-------- Given material

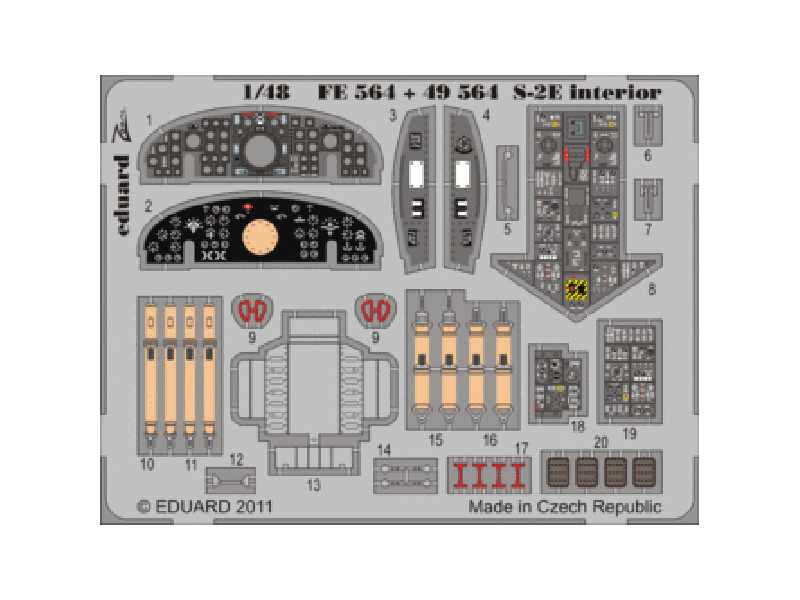  S-2E interior S. A 1/48 - Kinetic - blaszki - zdjęcie 1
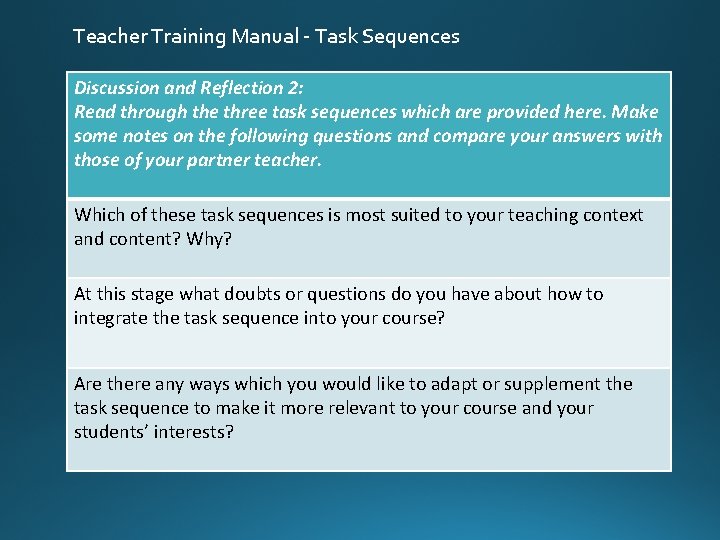 Teacher Training Manual - Task Sequences Discussion and Reflection 2: Read through the three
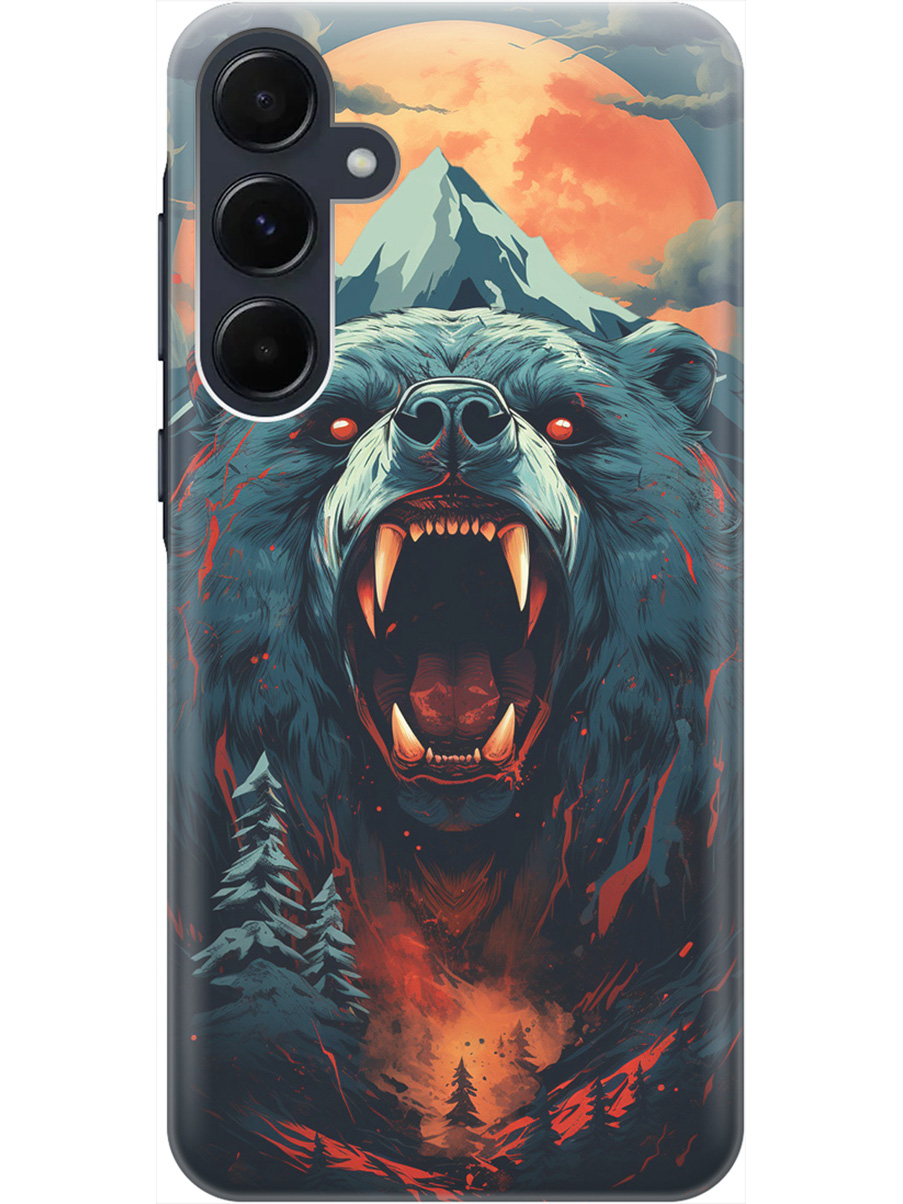 

Силиконовый чехол на Samsung Galaxy A35 с рисунком "Гризли при красной луне", Красный;синий;черный, 20012130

----------------

Instructions to follow
A faithful copy of the data above is wanted, with every image left out.

Answer to the exercise
  S-2E interior S. A 1/48 - Kinetic - blaszki - zdjęcie 1
 Teacher Training Manual - Task Sequences Discussion and Reflection 2: Read through the three

Силиконовый чехол на Samsung Galaxy A35 с рисунком "Гризли при красной луне", Красный;синий;черный, 20012130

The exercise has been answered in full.